Prompt.
From the first line of the listing to the last, set down everything exactly, but skip the images.

Data to use.
━━━━━━
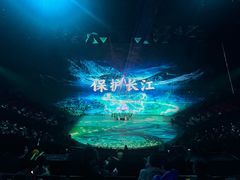 -重庆国际马戏城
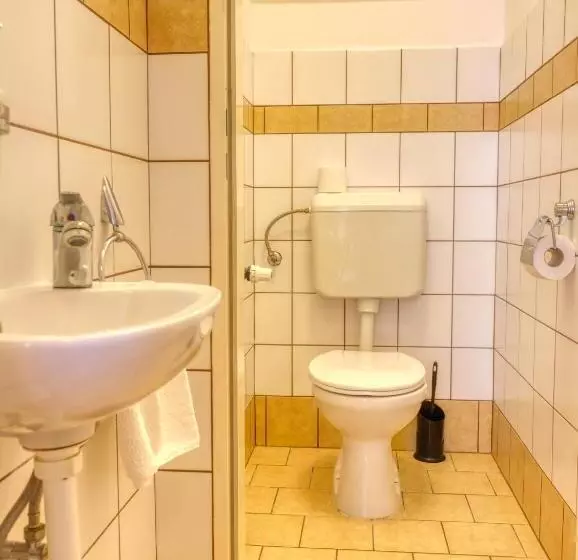 Villa Park Apartmanház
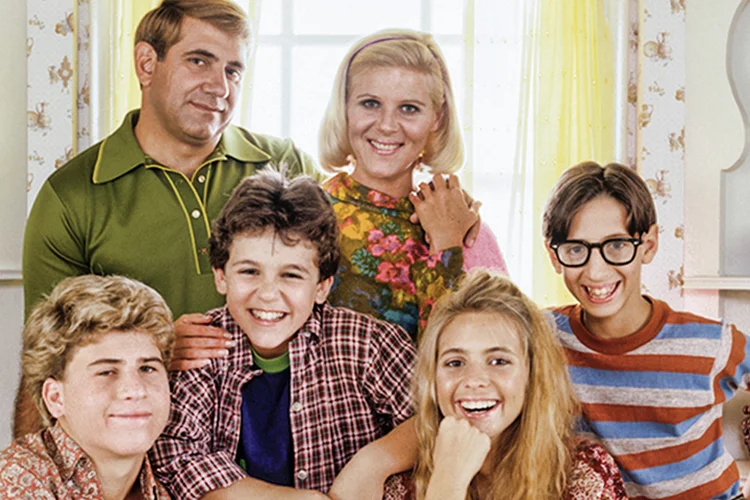 Série "Anos Incríveis": seriado dos anos 1990 deve ganhar remake, dessa vez com família negra (Divulgação/Divulgação)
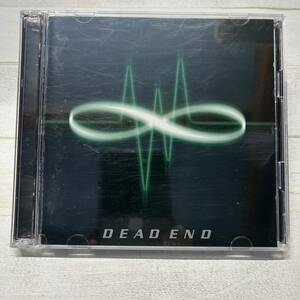 CD DEAD END ∞ INFINITY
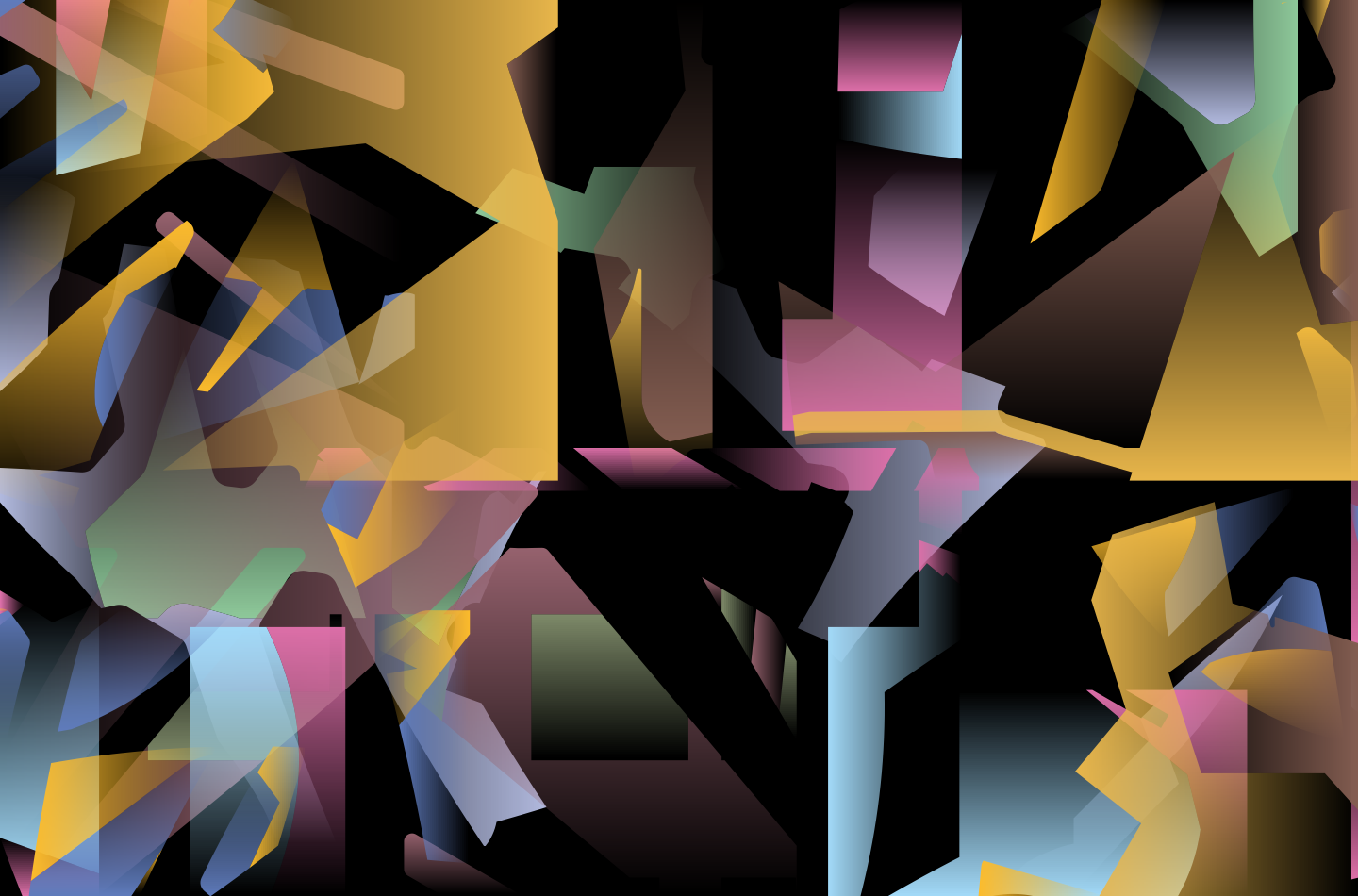 self-portrait of god - altar 2.6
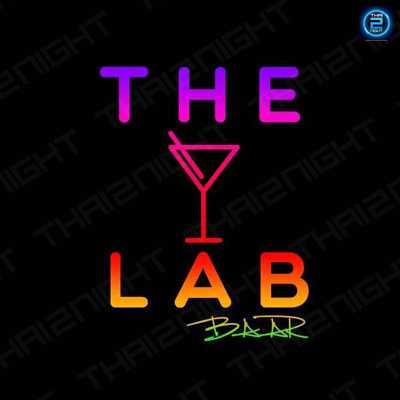 The Lab Baar (เดอะแล็บบาร์) : Bangkok (กรุงเทพมหานคร)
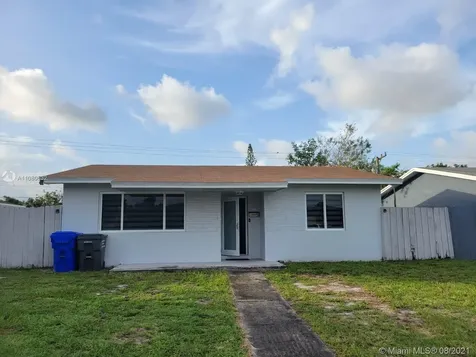 7571 Raleigh Street Hollywood FL 33024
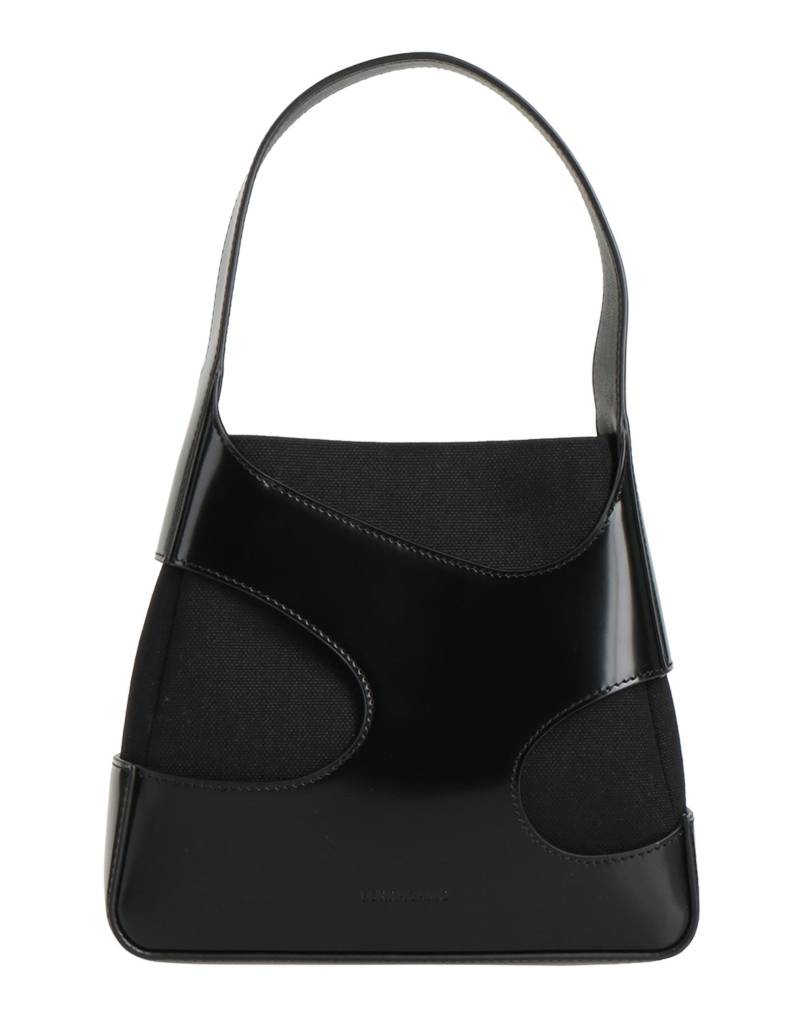 FERRAGAMO Handtaschen Damen Schwarz von FERRAGAMO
━━━━━━
Response to this task.
 -重庆国际马戏城
 Villa Park Apartmanház
 Série "Anos Incríveis": seriado dos anos 1990 deve ganhar remake, dessa vez com família negra (Divulgação/Divulgação)
 CD DEAD END ∞ INFINITY
 self-portrait of god - altar 2.6
 The Lab Baar (เดอะแล็บบาร์) : Bangkok (กรุงเทพมหานคร)
 7571 Raleigh Street Hollywood FL 33024
 FERRAGAMO Handtaschen Damen Schwarz von FERRAGAMO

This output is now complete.